But there’s a way to say it all with better economy of words: pair these wines with summer.

Charles Krug 2016 St. Helena Sauvignon Blanc ($18) The top wine of several Sauvignon Blancs and other whites tasted on a recent, unseasonably warm late spring evening, the Krug has a fine, light aroma like the powdery crumbs left in an emptied tin of lemon pastilles. Showing just a dusting of oak, this is no “fumé blanc” style, yet it only becomes grassy on the crisp, not too bitter finish. The buoyant palate suggests flavors of wheatgrass, lemon and underripe tropical fruit, defying easy Sauv Blanc categorization (i.e., “New Zealand style, etc).

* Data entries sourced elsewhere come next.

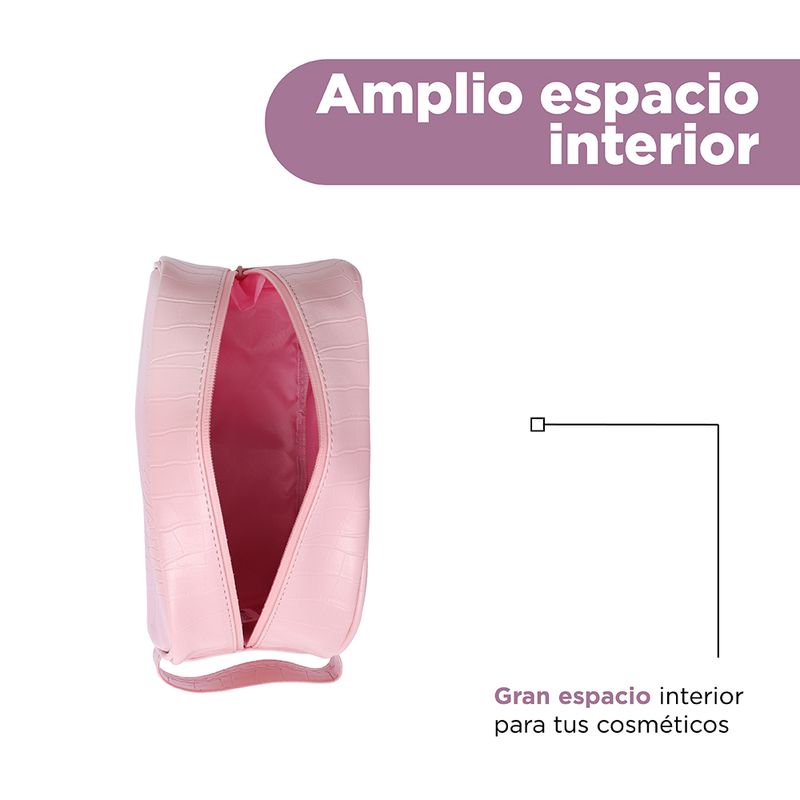 Cosmetiquera-Dise-o-Craquelado-Sint-tica-Rosa-23x15x12-cm-4-29927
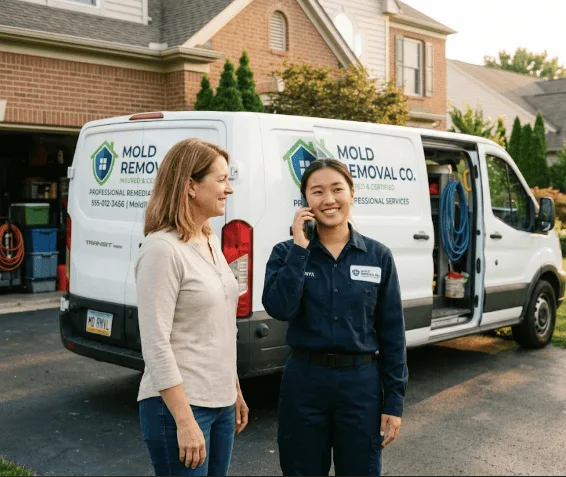 Crawlspace Mold Remediation New Washington, OH FAQs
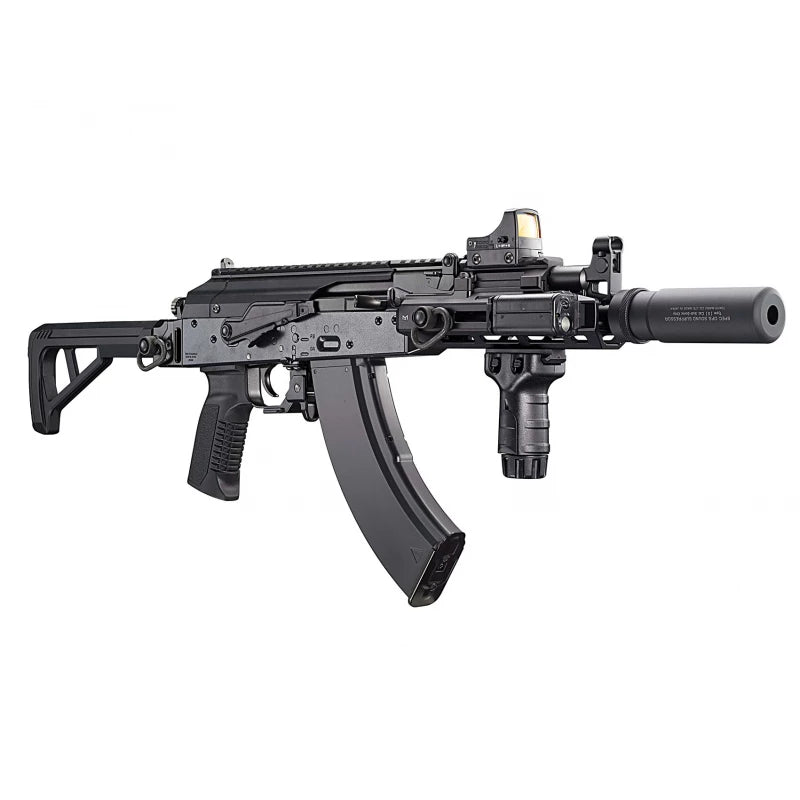 TM AKX Gas BlowBack Riffel - Sort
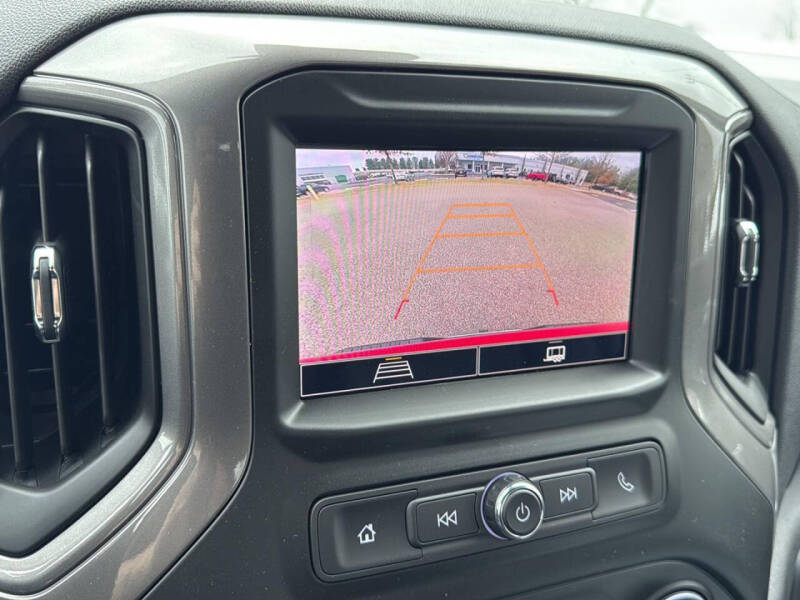 2026 Chevrolet Silverado 1500 Work Truck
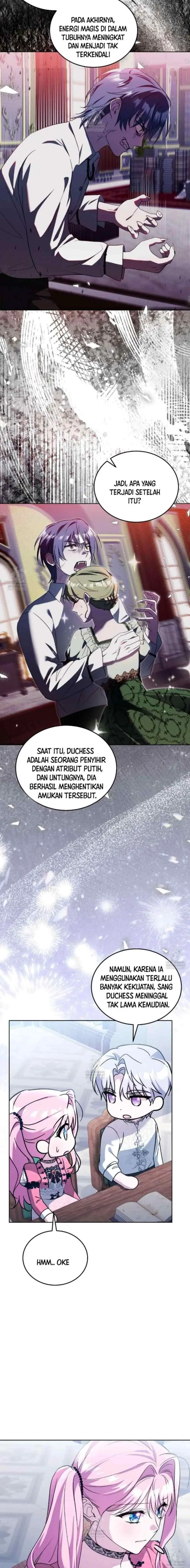 I Didn't Lull You to Sleep Only For You to Be Obsessed chapter 84 halaman 8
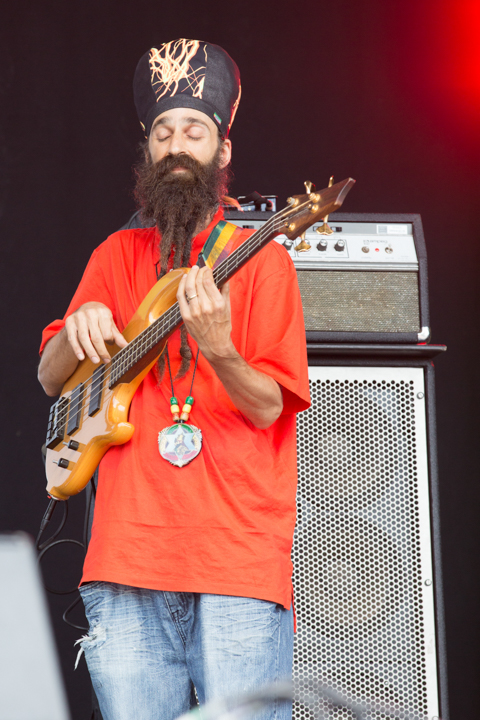 Pressure @ Reggae Geel, picture 2, photographed by Stef Dierckx - FrontView Magazine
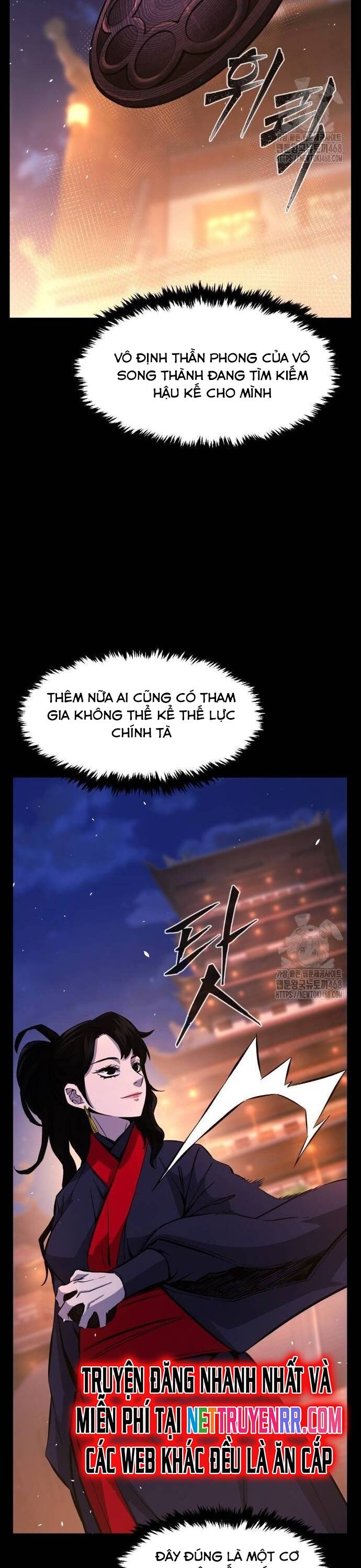 Tuyệt Đối Kiếm Cảm - Page 33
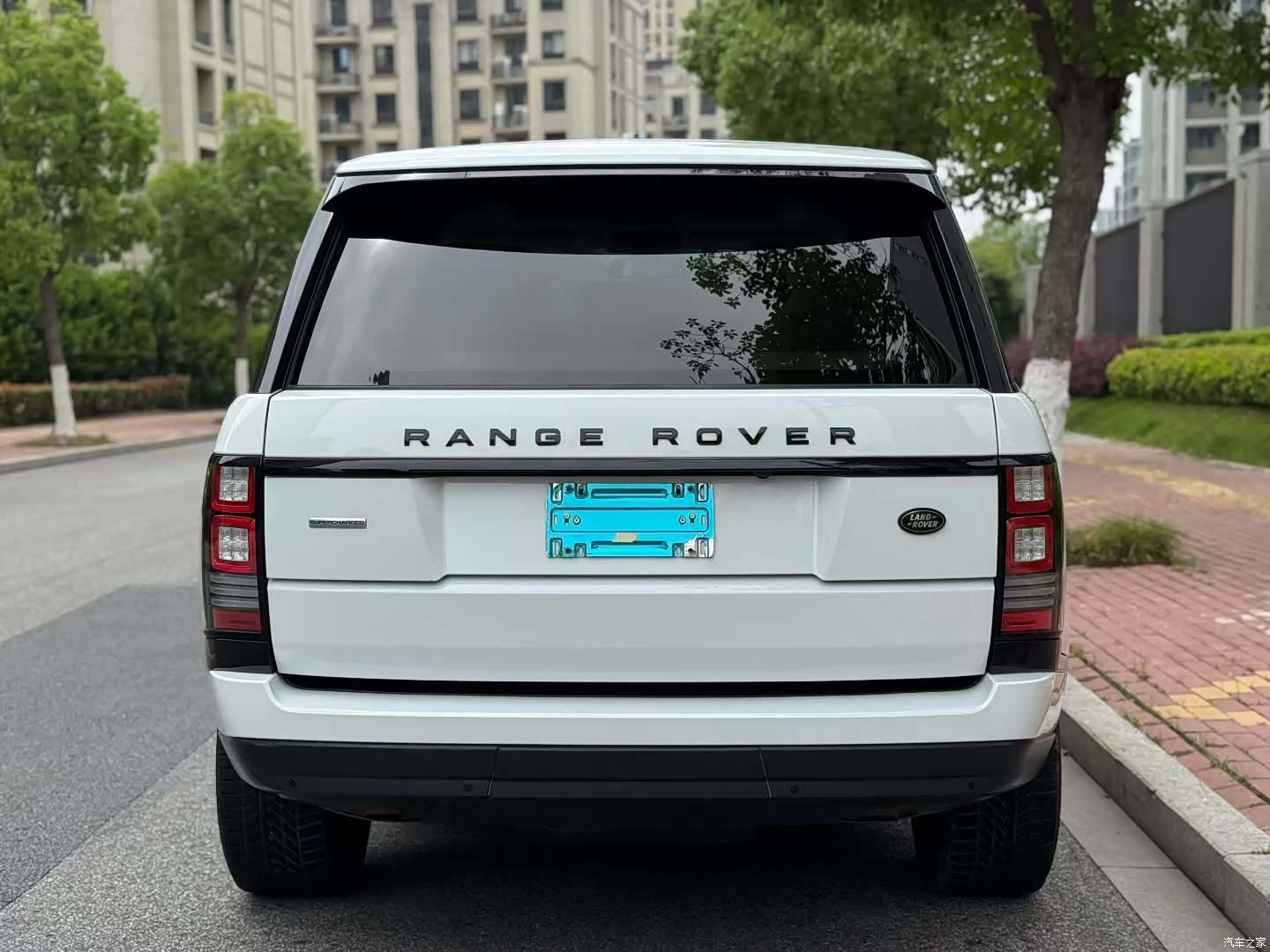 Land Rover Range Rover, 2015 13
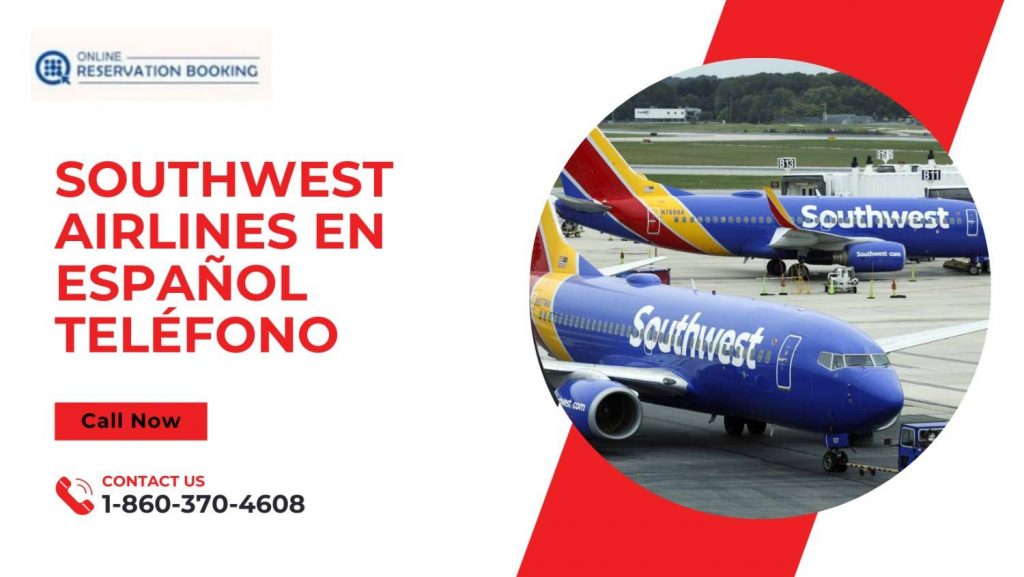 southwest airlines en español numero de telefono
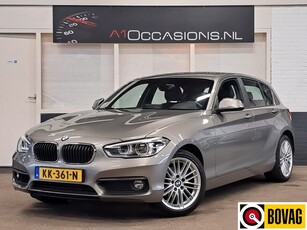 BMW 1-serie 118i Centennial High Executive + NAVI + LEDER +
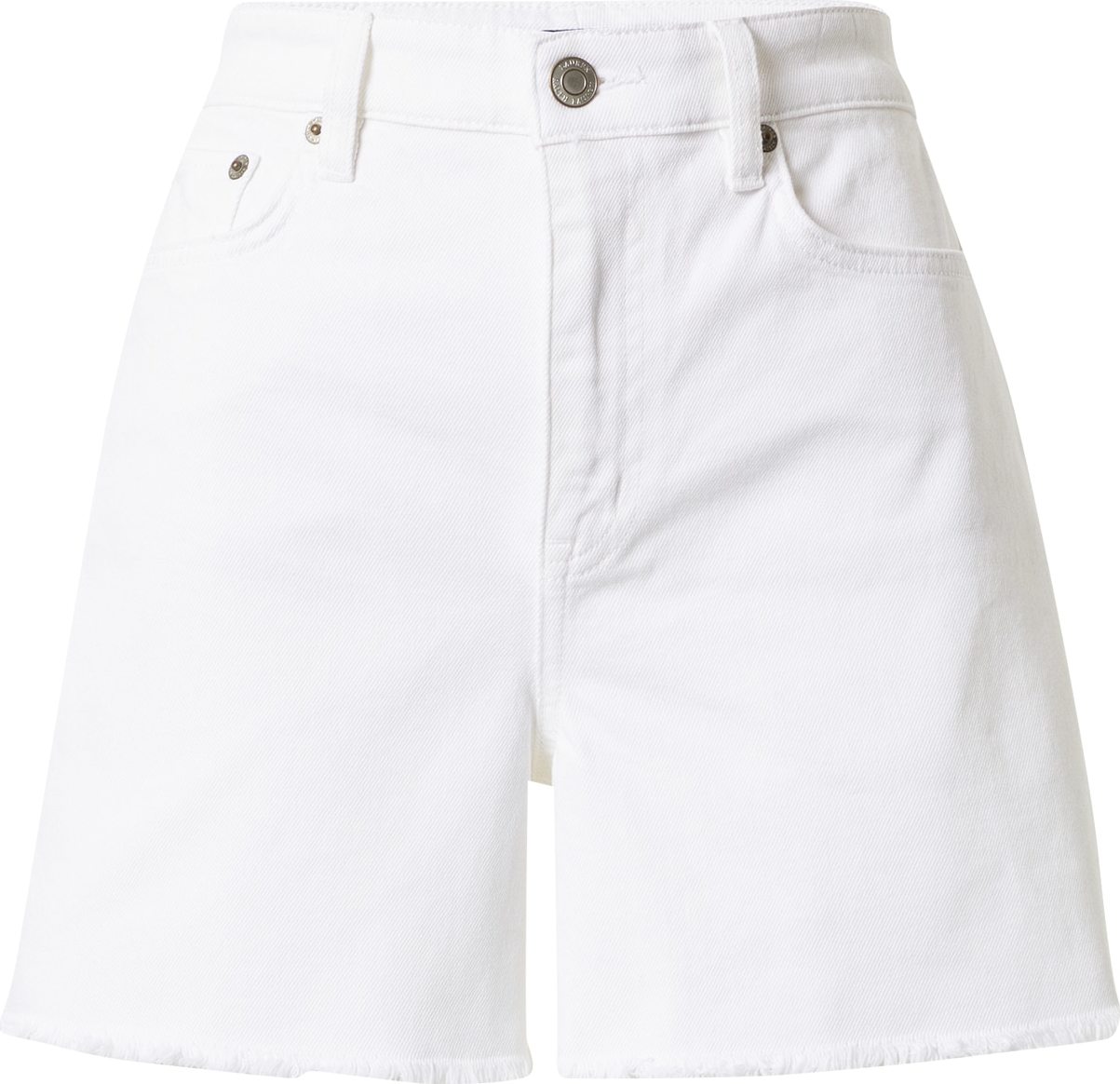 Lauren Ralph Lauren Džíny bílá džínovina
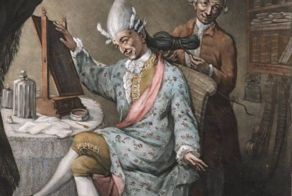 Петиметры: как появились и куда исчезли смешные и нелепые порождения Галантного века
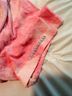 LoveShackFancy 100% Cotton Tie-dye Pink T-Shirt Size XXL - photo 4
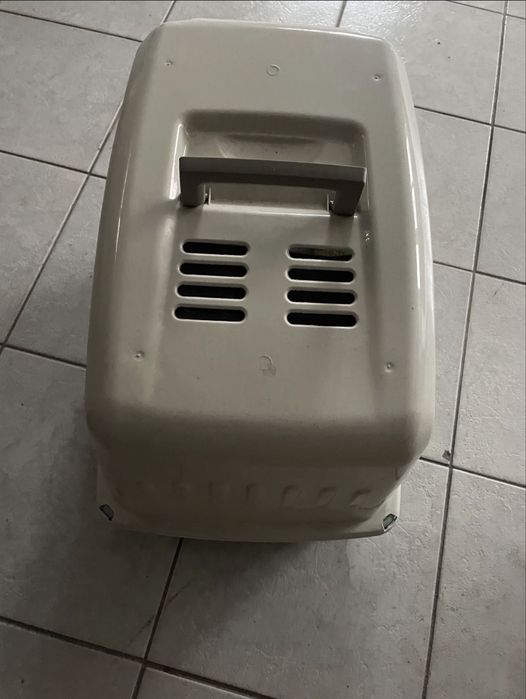 Litiera pentru pisici vicky 49/35/35cm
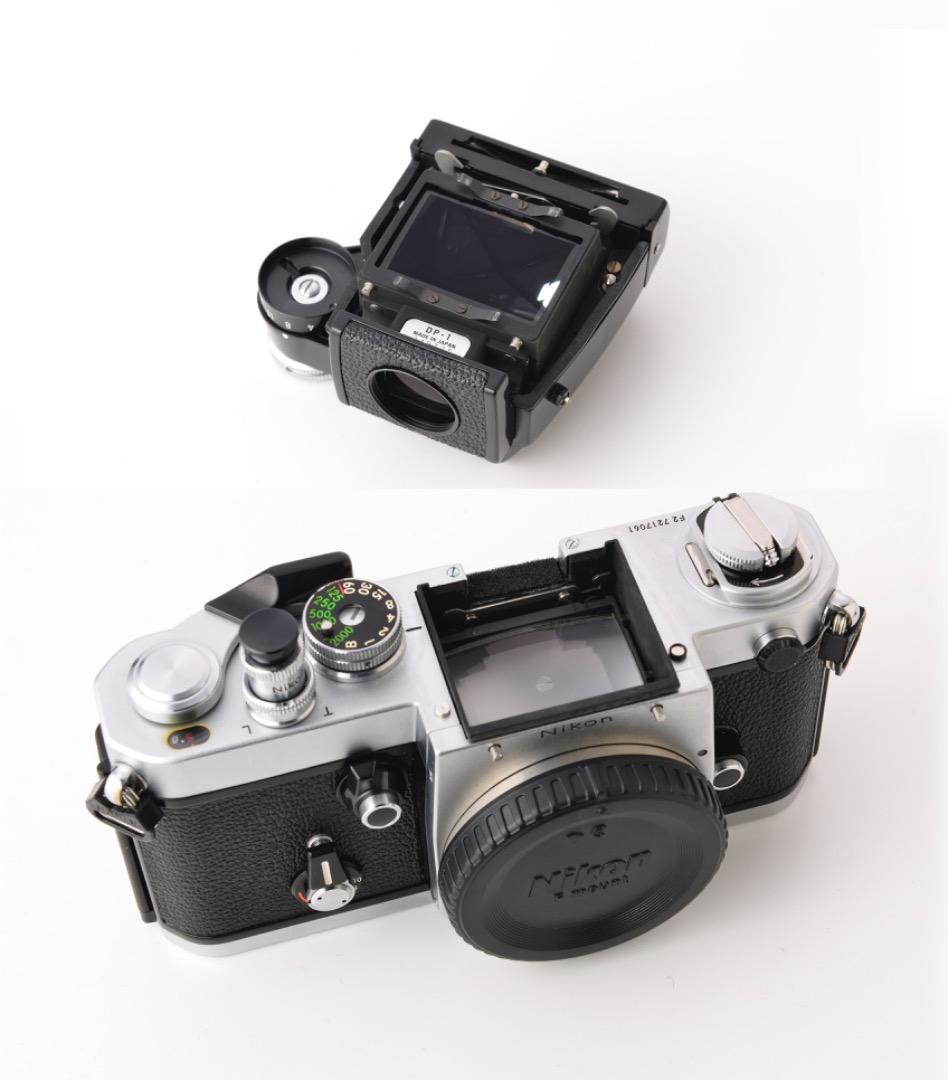 Nikon ニコン F2 F 2 DP-1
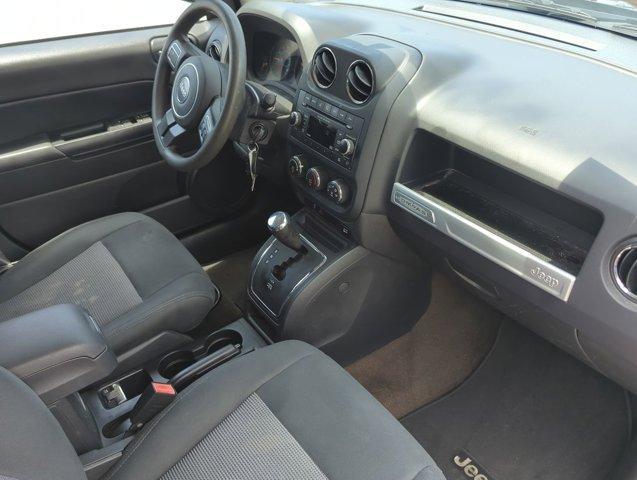 used 2015 Jeep Compass car, priced at $10,659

The press agents who send out wine for Krug are pushing a “grilling surf and turf” theme, complete with a recipe “from the grill” of winery co-proprietor Peter Mondavi Jr.—which I have no reason to doubt, as Mondavi hosted a cookout for a few of us media types last spring, and he’s just the kind of knowledgeable but laid-back guy you’d want at the grill—for steak and cedar plank salmon. The Charles Krug 2013 Napa Valley Merlot ($25) is billed as pairing with either, but I actually preferred the Sauv Blanc with steak over the Merlot after trying Mondavi’s suggestion of an olive oil finish and coarsely ground sea salt. Already smoky with toasted oak, the otherwise full-flavored, chunky-tannic Merlot wasn’t much fun to sip at the grill and meets the meat on a bitter note, while the Blanc brightens up a bite, especially with a dab of pesto.

Try Rodney Strong’s 2016 Charlotte’s Home Northern Sonoma Sauvignon Blanc ($17) for a more herbal, lemon verbena-tinged take on the varietal. They’d have done well to have sent out a recipe, too, as I don’t find the marked astringency of the wine particularly refreshing, but it’s got the bones for some kind of cuisine.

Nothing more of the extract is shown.